Transcribed Image Text:**Educational Resource: Hydrate Analysis**
**Title:** Determination of Water Content in a Hydrate
**Objective:** This experiment aims to analyze the water content in a copper(II) sulfate pentahydrate (CuSO₄·5H₂O) sample through heating.
**Unknown Sample Number:** A
**Chemicals in Unknown Mixture:** CuSO₄·5H₂O and SiO₂
**Hydrate Formula:** CuSO₄·5H₂O
**Molar Mass of the Hydrate:** 249.55 g/mol
---
**Data Collection:**
**1. Mass of Crucible (after Pre-heating):**
- Mass = 11.393 g
**2. Mass of Crucible and Unheated Sample:**
- Mass = 12.845 g
- *Observation:* Bright blue color
**3. Mass of Unheated Sample:**
- Calculation: 12.845 g - 11.393 g = 1.452 g
**4. Mass of Crucible and Sample after 1st Heating:**
- Mass = 12.497 g
**5. Mass of Crucible and Sample after 2nd Heating:**
- Mass = 12.494 g
- *Difference between 1st and 2nd heating:* 0.003 g
**6. Mass of Water Lost (g):**
- Calculation: Mass before heating - Mass after heating
- 12.494 g - 11.393 g = 1.101 g
- 1.452 g (unheated mass) - 1.101 g = 0.351 g
- *Conclusion:* 0.351 g of water was lost as gas.
---
**Instructions for Teachers:**
- Use this data to illustrate the process of determining the water content in a hydrate.

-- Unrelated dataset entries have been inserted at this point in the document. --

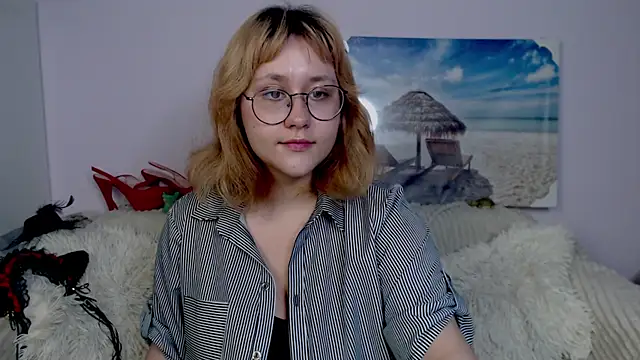 Snapshot of Judith_hypnosiss chatting on 07-15-26, 11:04 Judith hypnosiss online show from 07-15-26, 11:04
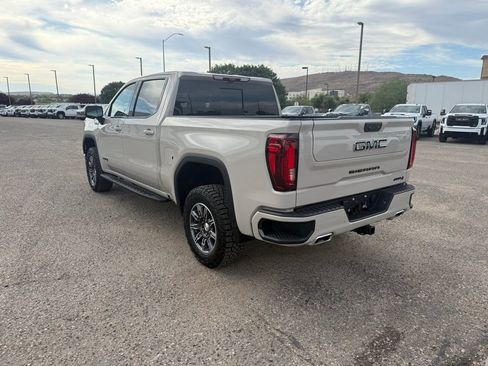 New 2026 GMC Sierra 1500 AT4 w/ AT4 Premium Package AWD/4WD image 7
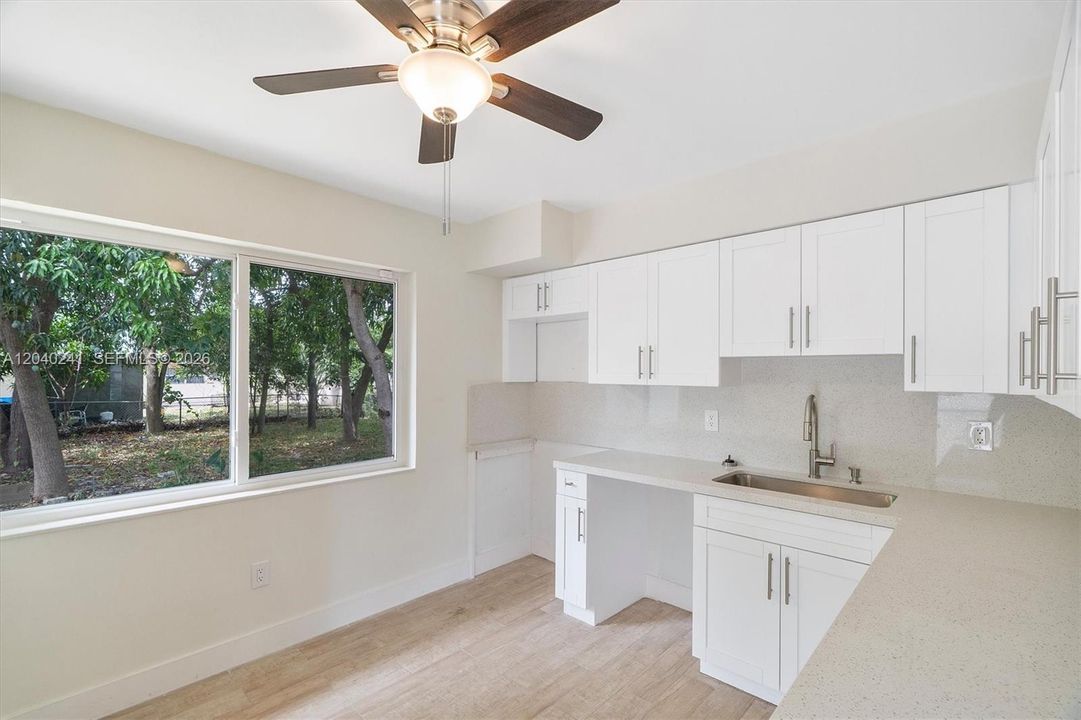 For Sale: $409,900 (2 beds, 1 baths, 780 Square Feet)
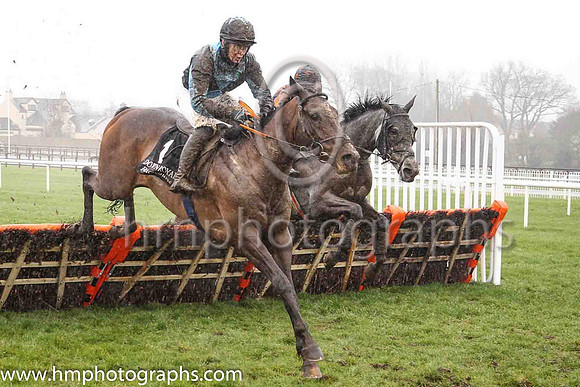 01st Demophon and Sarah Kavanagh 4 ( 1 , Darkblue and light blue diabolo ) Trainer - G P Cromwell , Owner - Patrick McGuinness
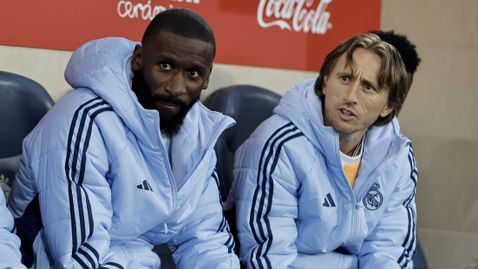 Напрежение между Модрич и Рюдигер след поражението от Барселона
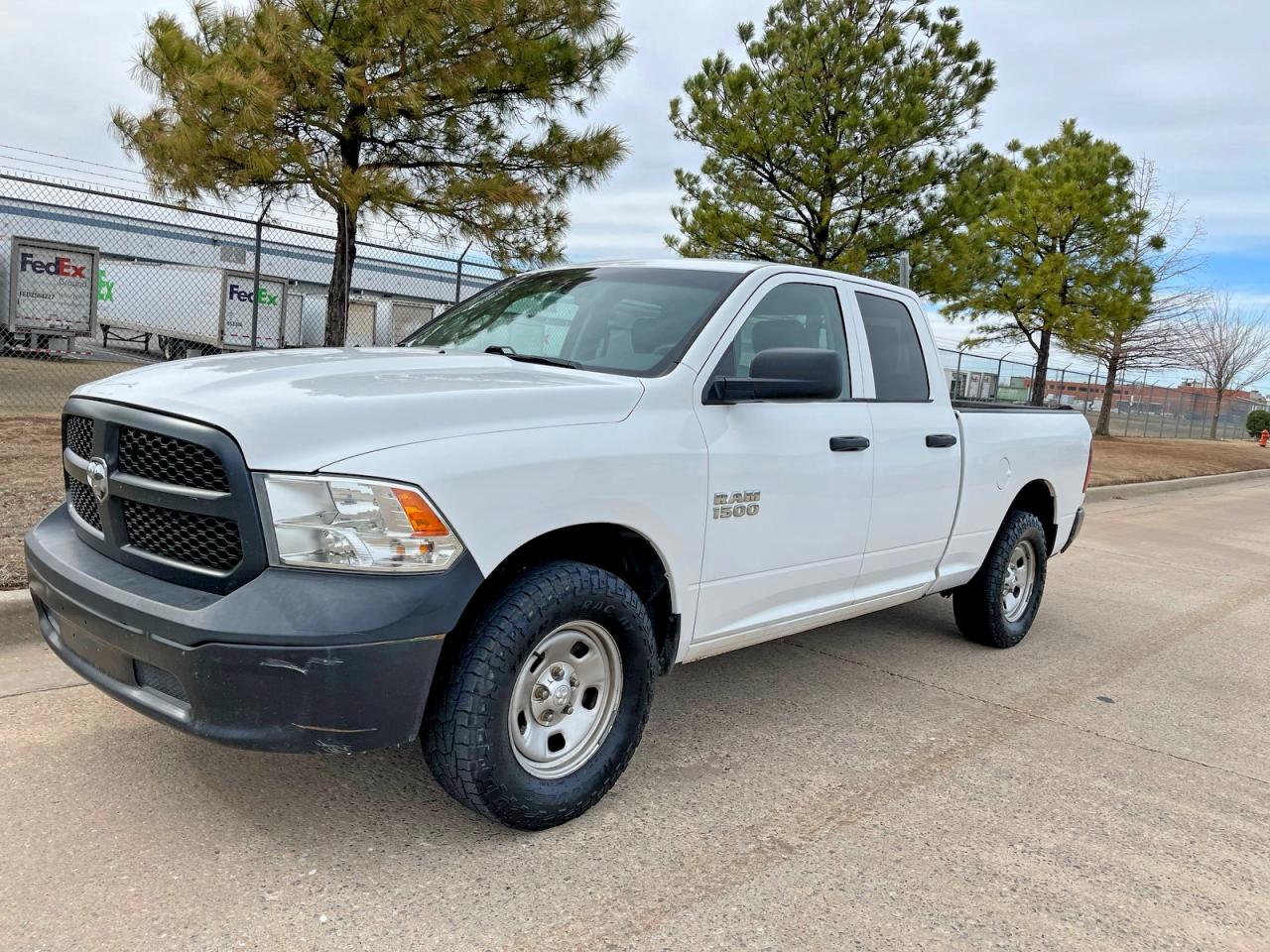 2018 RAM 1500 ST — снимка 2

- Discuss the methodology, emphasizing accurate measurement and the importance of heating to constant weight.
**Discussion Points:**
- Explain why multiple heatings are necessary to ensure all water is removed.
- Discuss the significance of using a bright color observation, indicating the presence of water.
**Activities:**
- Calculate the percentage of water in the hydrate.
- Compare the experimental percentage to theoretical values.
**Conclusion:**
This experiment helps students understand the composition of hydrates and how to quantify the water content based on mass loss during heating.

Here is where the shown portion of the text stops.